FugueSQL – SQL for Pandas, Spark and Dask
In this session we will be introduce FugueSQL, a language that allows heavy SQL users to work on Python-based DataFrames.
FugueSQL allows users to express computation workflows with a SQL-like interface. This code is then parsed and executed on any of the Pandas, Spark, and Dask engines. To provide a rich grammar for handling data, FugueSQL has enhancements over ANSI SQL such as keywords specific to distributed computing (PERSIST, BROADCAST, PARTITION), as well as support for custom Python functions.
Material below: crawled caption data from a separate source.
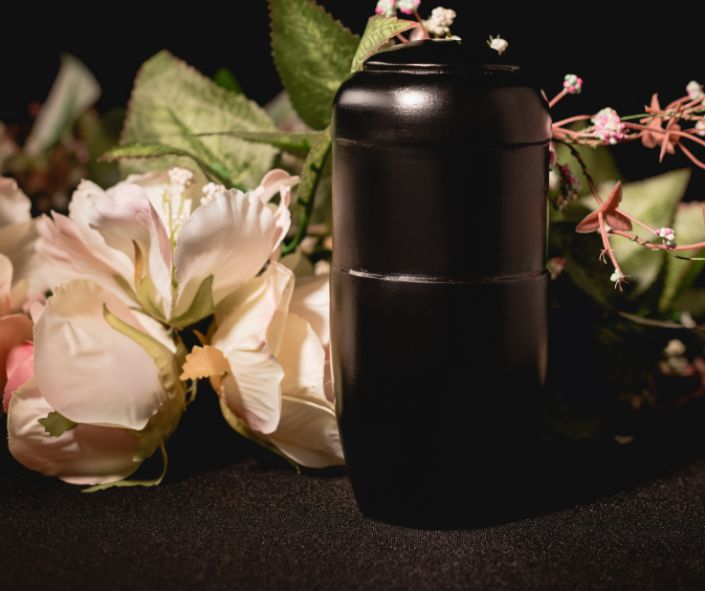 Crematorio en Cancún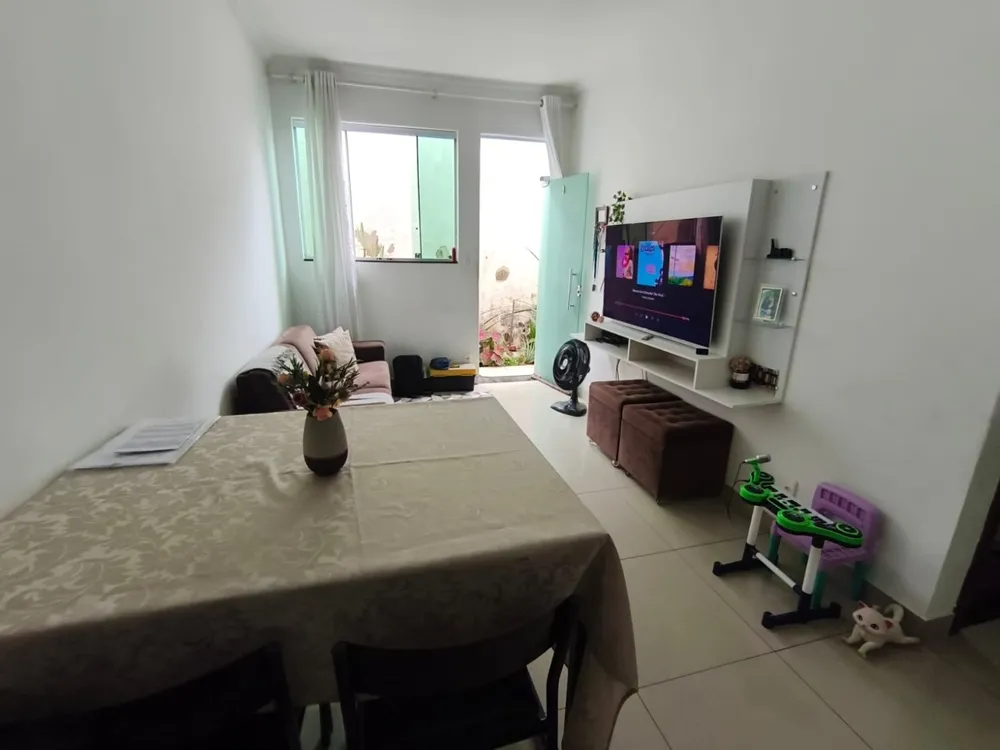 Casa, 2 quartos, 65 m² - Foto 4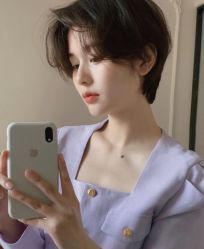 -丽时 Hair Salon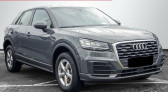 Audi Q2 occasion année 2017 boite Robotisee Annonce Audi Q2 occasion Diesel 2.0 TDI 150CH DESIGN LUXE QUATTRO S TRONIC 7 à Villenave-d'Ornon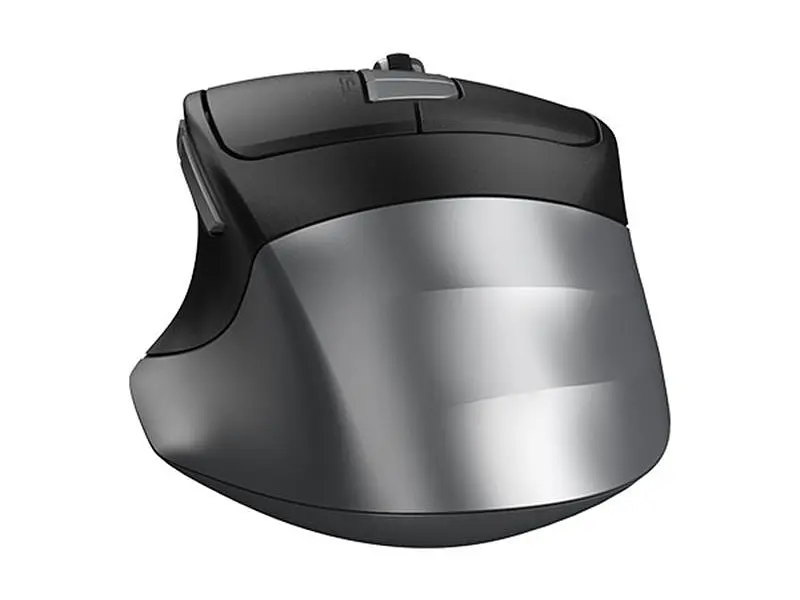 Миша A4Tech FG35 GREY - фото 4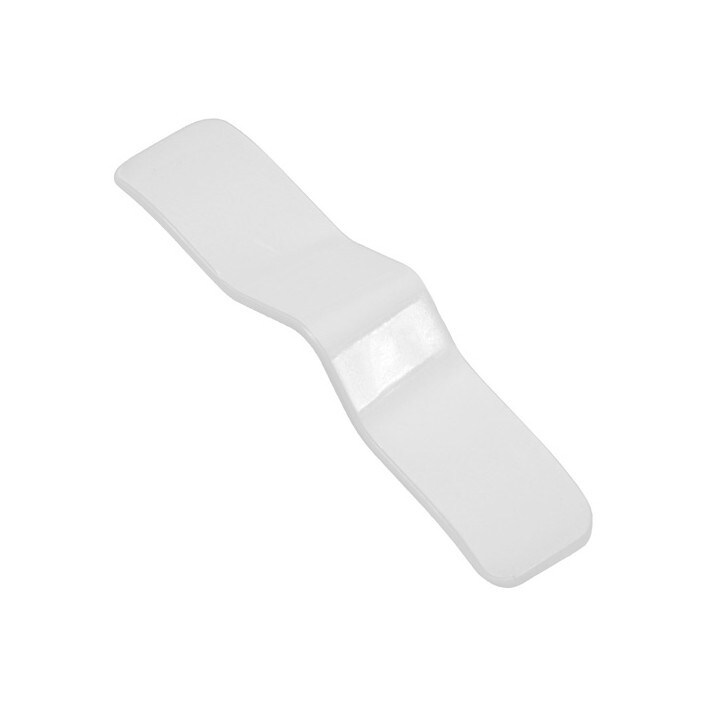 Fijador derecho para dispensador de agua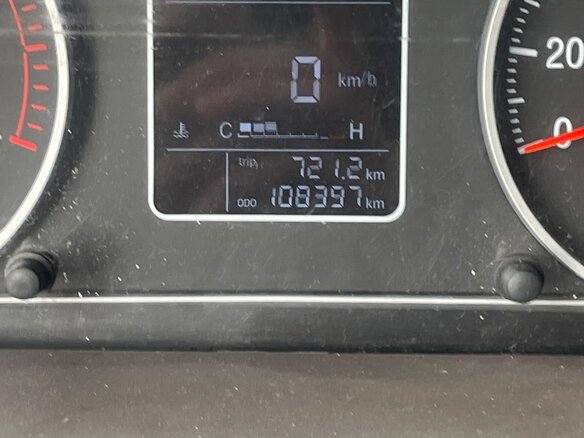 2023 Foton S85, белый, 3100000 рублей - вид 2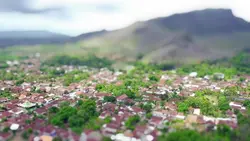 lensa tiltshift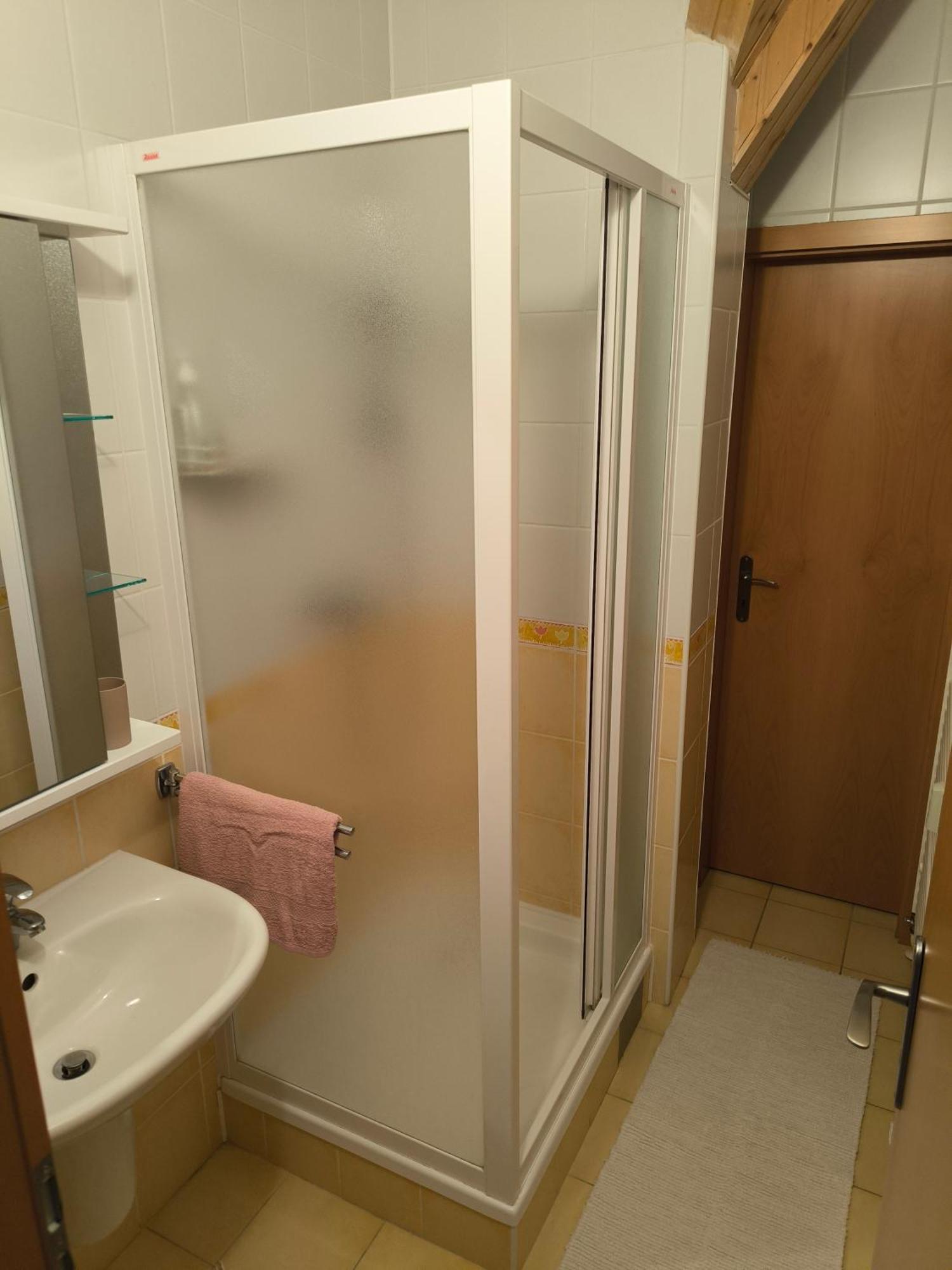 Hills View Apartment Donovaly Luaran gambar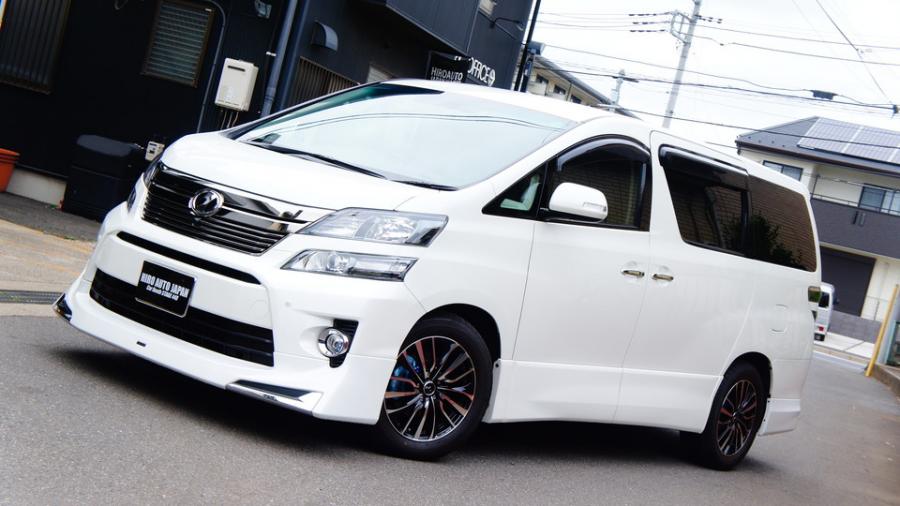 キャリパー塗装施工事例：トヨタヴェルファイア　キャリパー塗装＆ローター塗装　COLOR:#1109 Transparent aqua blue metallic＆#1115 Deep marine blue　ローター加工Type:DP IMG72_1596_Us0Ztn_sub7.jpg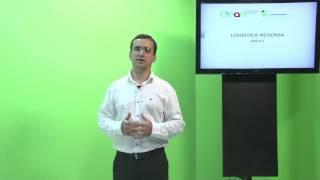 AULA 2 - LOGÍSTICA REVERSA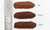 Woodland Scenics Model Railroad Landscape Ballast Shaker Fine Brown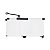 Bateria para Samsung Ativ Book Np550xda-kh2br / NP300E5L-KF1BR-3 11.4V 43Wh Branca - Imagem 2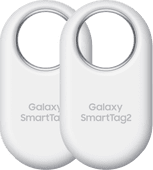 Samsung SmartTag 2 Weiß Doppelpack 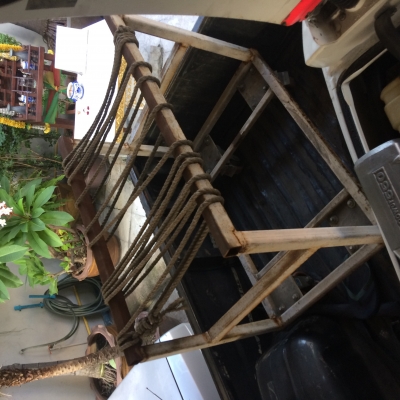 เจ็ตสกี kawa ลีดด 550 พร้อมแท่นเข็นล็อคได้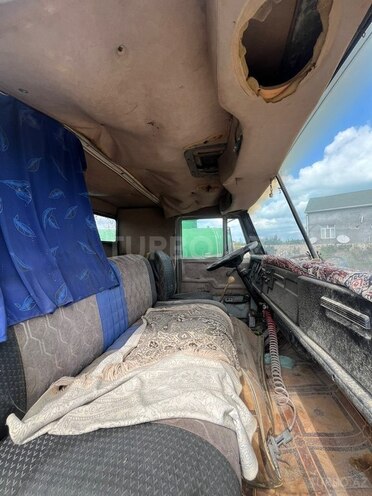 KamAz 55111 1988, 250,520 km - 11.0 л - Bakı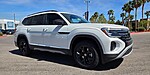 New 2026 Volkswagen Atlas 2.0T PEAK EDITION 4MOTION in LAS VEGAS, NEVADA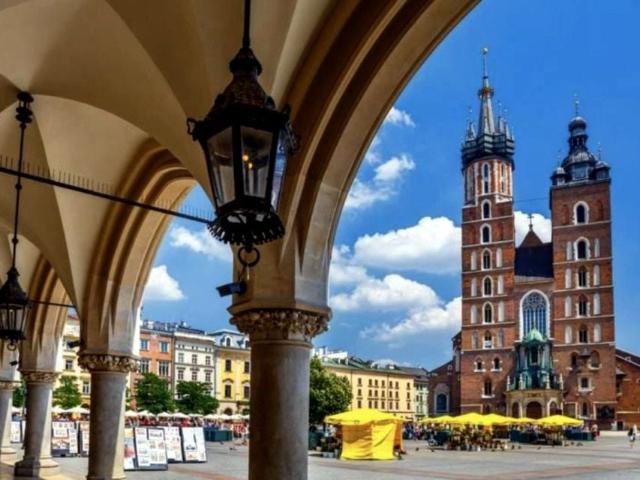 Lokal użytkowy 70 m², Kraków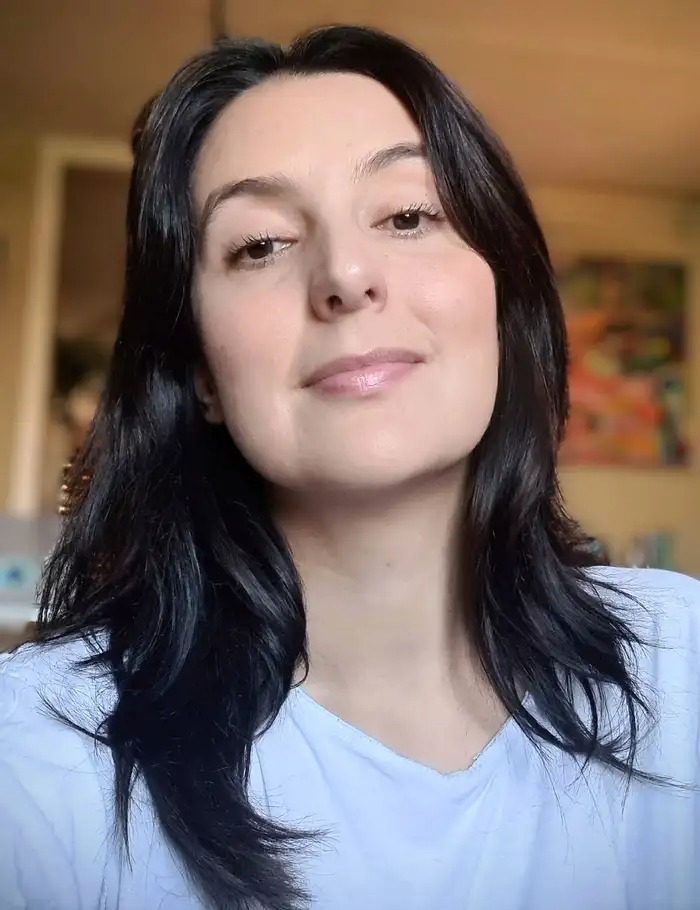 Image of Natalia Sánchez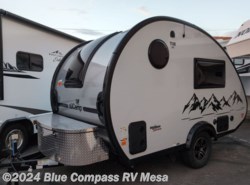 New 2025 NuCamp TAB 360 Std. Model available in Mesa, Arizona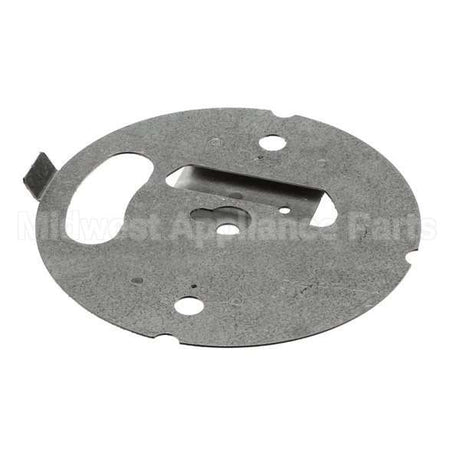 B8WL0609 Compatible Stero Asm-Ring Elem Mtg Plate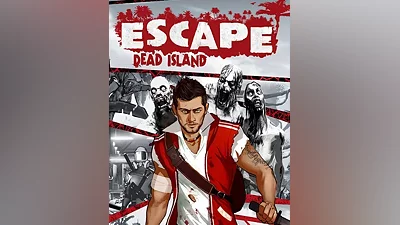 Escape Dead Island (Россия, Украина и СНГ)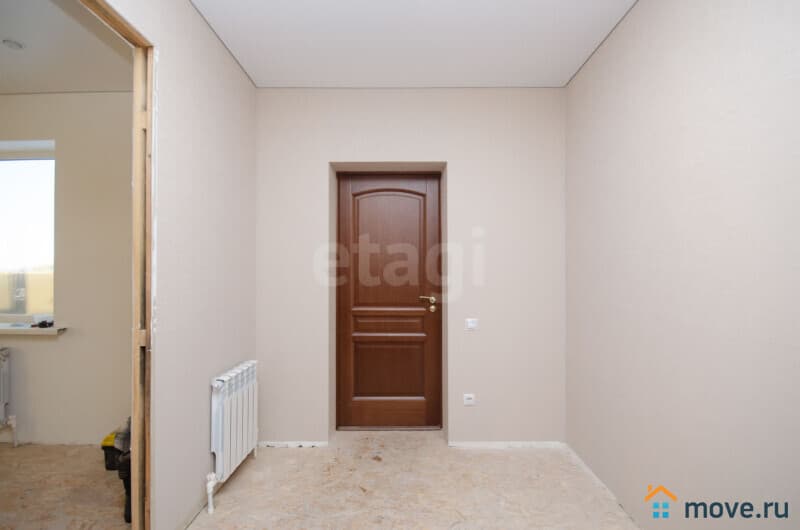 дом, 131.7 м&sup2;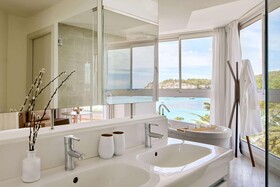 Meliá Cala Galdana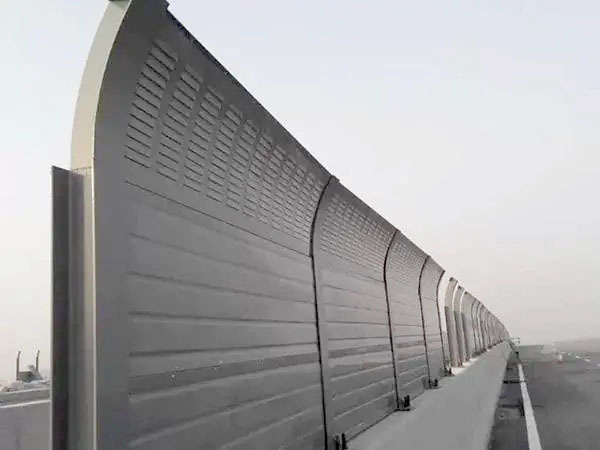 barrera de sonido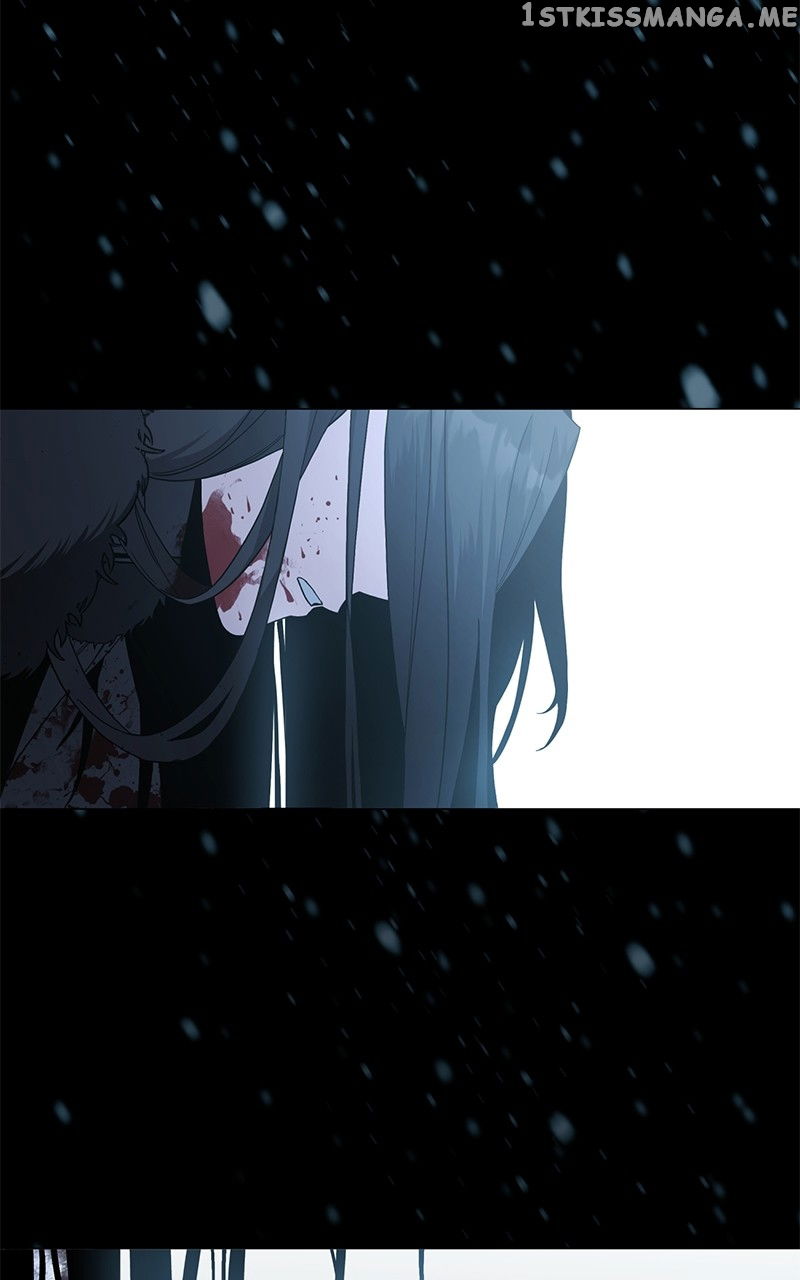 Best Of Luck, Warrior! Chapter 64 - page 59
These allow users to leverage distributed computing, while using a language that they are already familiar with.
About the Speakers
Kevin Kho is an Open Source Community Engineer at Prefect, an open-source workflow orchestration management system. Previously, he was a data scientist at Paylocity, where he worked on adding machine learning features to their Human Capital Management (HCM) Suite. Outside of work, he is a contributor for Fugue, which is one of the SQL interfaces for Dask. He also organizes the Orlando Machine Learning and Data Science Meetup.
Rowan Molony has just started as an energy analysis software developer at Mainstream Renewable Power where he helps maintain their data platform. Before Mainstream, he was a data scientist at Codema – Dublin’s Energy Agency, where he introduced open code and open data to enable the team to create reproducible energy systems models.